Athena Tapınağı: Kentin  ana tanrıçası olan Athena adına yapılmıştır.  Kazısı 1998 yılında başlamış olup günümüzde de devam etmektedir. Tapınak Phokaia'nın merkezinde ve şehri tamamen gören bir tepenin üzerindedir. Doğu yüzünde tanrıçaya  getirilen sunuların bırakıldığı bir sunak vardı. Tapınağın çevresini çeviren  podyum duvarını ortaya çıkarılması çalışılmaları devam ediyor.  Prof.Dr. Ömer Özyiğit başkanlığında yapılan kazılar sırasında bulunan griffon ve at heykelleri tapınağın muhteşemliği hakkında fikir vermeye yeterlidir.

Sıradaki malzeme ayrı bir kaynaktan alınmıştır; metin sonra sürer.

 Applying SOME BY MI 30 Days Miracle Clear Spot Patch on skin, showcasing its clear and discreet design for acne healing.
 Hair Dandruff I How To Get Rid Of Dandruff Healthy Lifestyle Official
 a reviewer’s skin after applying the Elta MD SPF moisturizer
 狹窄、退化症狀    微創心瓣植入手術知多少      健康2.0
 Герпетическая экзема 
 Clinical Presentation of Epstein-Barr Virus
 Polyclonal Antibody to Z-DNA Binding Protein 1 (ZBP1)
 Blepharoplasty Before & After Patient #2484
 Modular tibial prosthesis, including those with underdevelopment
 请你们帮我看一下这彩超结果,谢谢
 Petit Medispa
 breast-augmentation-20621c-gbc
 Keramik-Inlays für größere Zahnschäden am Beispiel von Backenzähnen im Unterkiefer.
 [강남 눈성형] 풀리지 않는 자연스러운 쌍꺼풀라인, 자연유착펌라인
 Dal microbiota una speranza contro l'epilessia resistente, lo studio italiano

Tiyatro :  Anadolu’nun en eski tiyatrosudur.  Foça girişinde sol tarafta ve üzerinde değirmenlerin bulunduğu tepenin yamaçlarında yer alıyordu. Tiyatro  İÖ 340-330 yılları arasında yapıldığı saptandı.  Tiyatronun yapımı sırasında Foça’nın yerel taşı olan tüf taşının kullanıldığı biliniyor. Daha önceleri yeri bilinmeyen tiyatro 1991 yılında  yapılan kazılar sırasında,  tiyatroya ait dört sıra oturma basamağı ve tiyatroyu çevreleyen duvarların bir kısmı ortaya çıkarılmıştır.  
Arkaik Duvar  :  Foça'nın Arkaik dönemde 5 km. uzunluğunda surlara sahipti.  Heredot yazılarında bu duvarlardan sıkça bahsettiği için Heredot Duvarı olarak anılmaktadır. Bu duvarlar belli belirsiz olarak bazı yerlerde seçilmektedir. Surun üzerinde duvara çarptığı için ucu kırkılmış ok uçlarına ait kalıntılara rastlandı.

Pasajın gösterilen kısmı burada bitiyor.